Antiquariat Jürgen Dinter

Hemsterhuis, Frans 

Lettre sur la sculpture … — Amsterdam 1769

1.200 €

Lettre sur la sculpture, à monsieur Théod. de Smet … — Amsterdam, Marc Michel Rey, 1769.

4to (261 x 210 mm). (2) leaves, 31 pp., 3 folding plates with engravings of Hemsterhuis; engraved vignette on title, page 1, and page 31, all signed F. Hemsterhuis or F. H. inv. et fecit and J. V. Schley sculp. Conteporary boards, rubbed along spine and egdes.

This is the only work of Hemsterhuis, which he seemingly had not bound by his binders Christiaan Micke or Thomas van Os – only one copy is known in a fine contemporary binding; see Storm van Leeuwen, F. Hemsterhuis‘ binders, in: The Book Collector, vol. 50 no. 2, London 2001. p. 203. – Stoddard no. 2.

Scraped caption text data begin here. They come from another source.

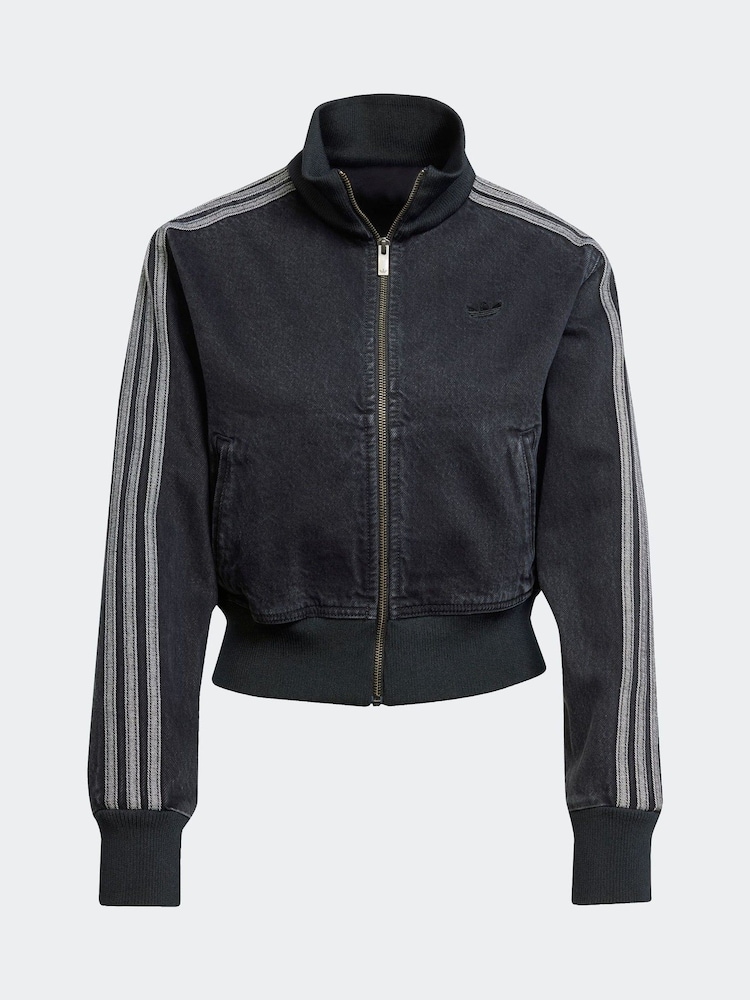 adidas originals Black 3 Stripe Denim Track 100% Cotton Jacket - Image 12 of 12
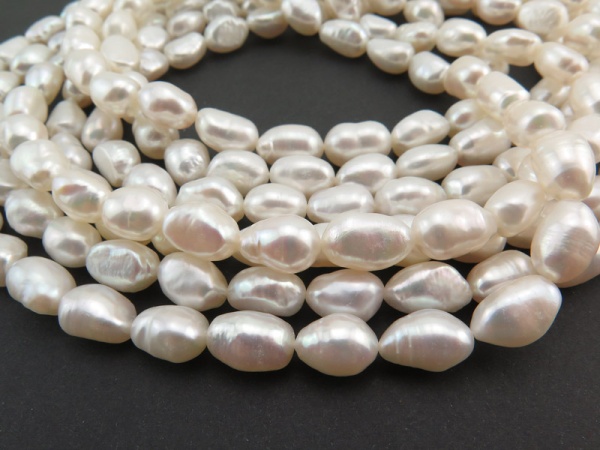 Freshwater Pearl Ivory Long Nugget Beads 7-9mm ~ 16'' Strand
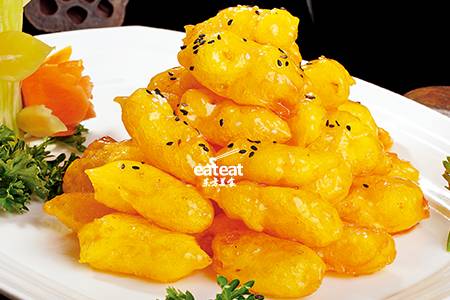 柠檬山药：脆皮糊加奶油更酥软！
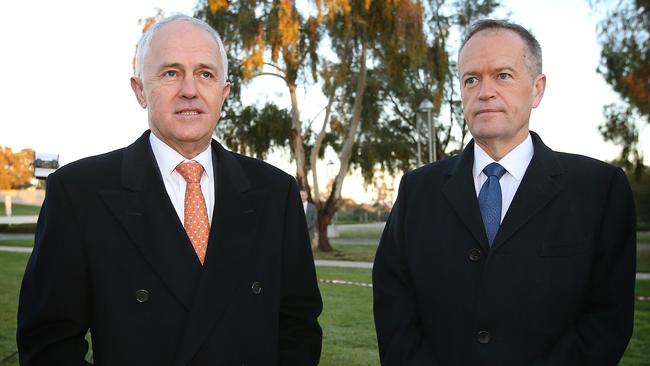 Malcolm Turnbull and Bill Shorten outside Parliament House on Wednesday. Picture: Kym Smith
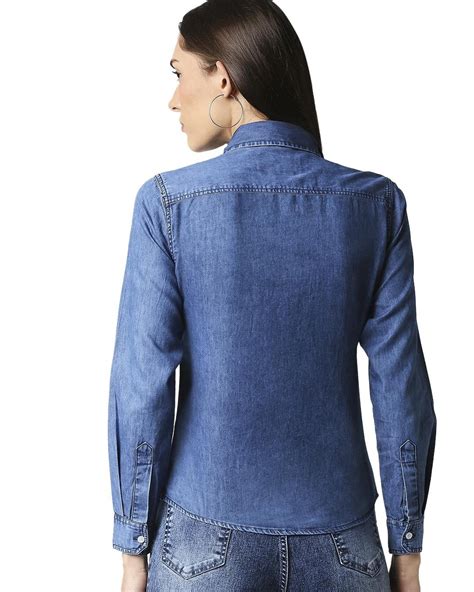 Buy Women's Blue Denim Shirt Online at Bewakoof
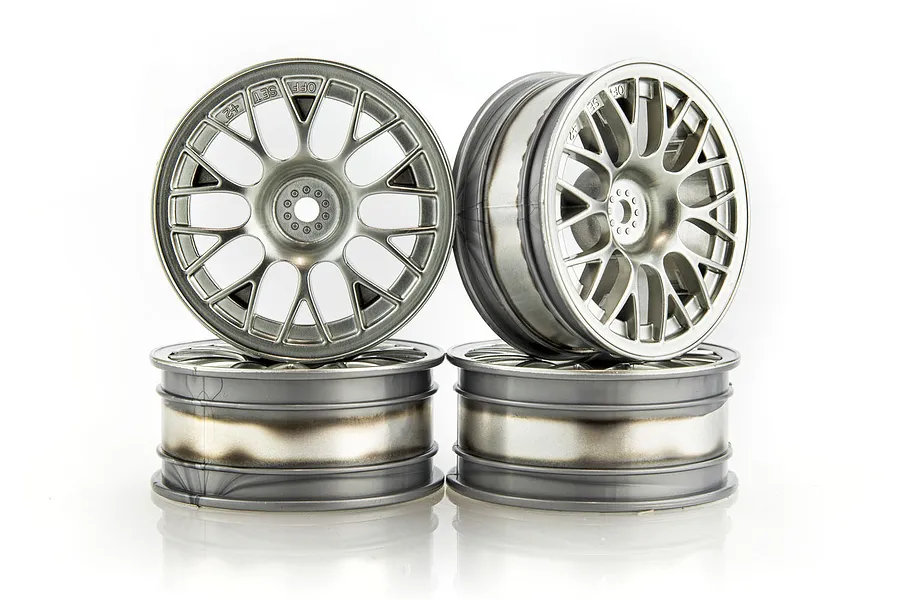 Tamiya 1.9&amp;quot; (2mm Off-Set) Mesh Silver Rims 4Pcs image 53206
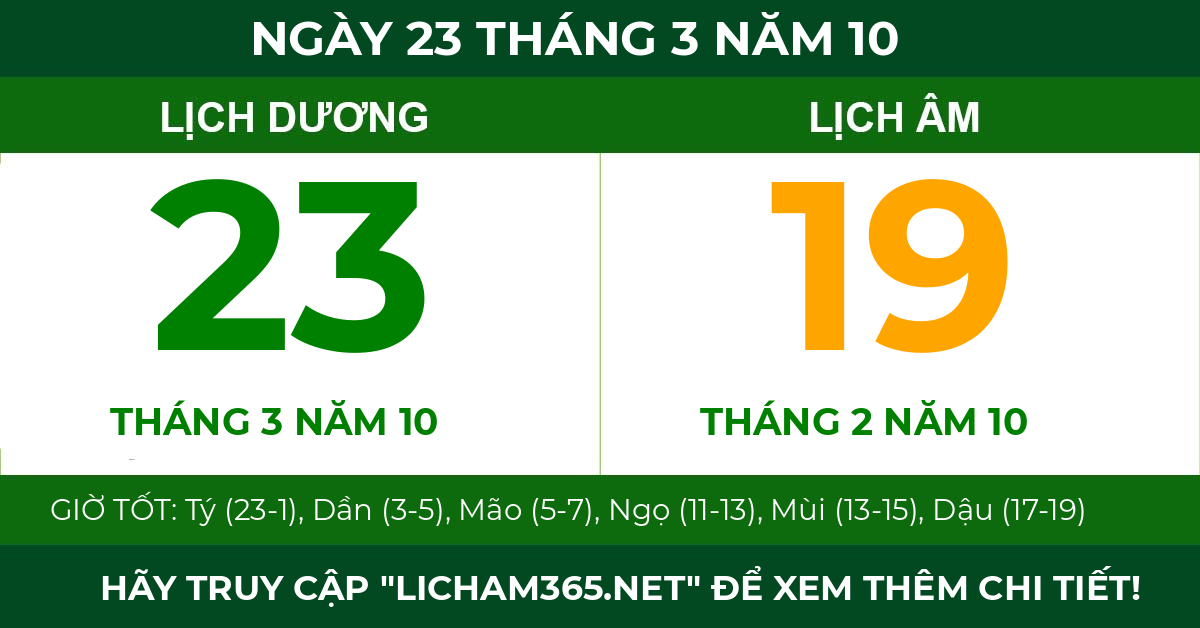 lịch âm ngày 23 tháng 3 năm 10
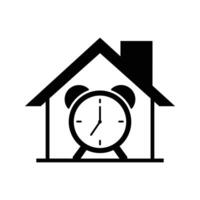 alarm clock in a house building icon vector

Theodoor de Smeth (1710-1772) was an Amsterdam banker and art lover who had collected an excellent collection of ancient gems. Hemsterhuis first writing Lettre sur une pierre antique from 1762 describes a gem cut from an amethyst of the De Smeth collection, a gem which he was able to acquire on the advice and through the intermediation of Hemsterhuis from Lorenz Natter (1705-1763), and which is shown on the title page of this short first publication. Both collections can be seen in the Royal Coin Cabinet in Den Haag.

Like the publication of 1762, the present one about art in general and in a second part about sculpture – incorporating thoughts of Winckelmann, Addison (On genius), Hume, Home, Montesquieu – has the form of a letter to de Smeth, as does the third, Lettres sur les desirs from 1770. It is quite possible that Hemsterhuis did not initially think of a publication, since the work was already completed in November 1765; a decision to publish it took him four years.

„The Lettre sur la scultpure is in line with an esthetic paganism that extends in Germany from Winckelmann into the twentieth century, and it is partly in the context of the ‚tyranny of Greece of Germany‘ “ … two observations made in the Letter, – the tendency of the human mind to strive for a maximum of ideas in a minimum of time, and the blunting of our preception of beautiful objects by constant exposure to them – furnished the point of departure for Hemsterhuis next publication, the Lettre sur les désirs ... The maximum-minimum formula became a leitmotiv of Hemsterhuis thought …“ (Moenkemeyer, F. H., Boston 1975, p. 32ff.)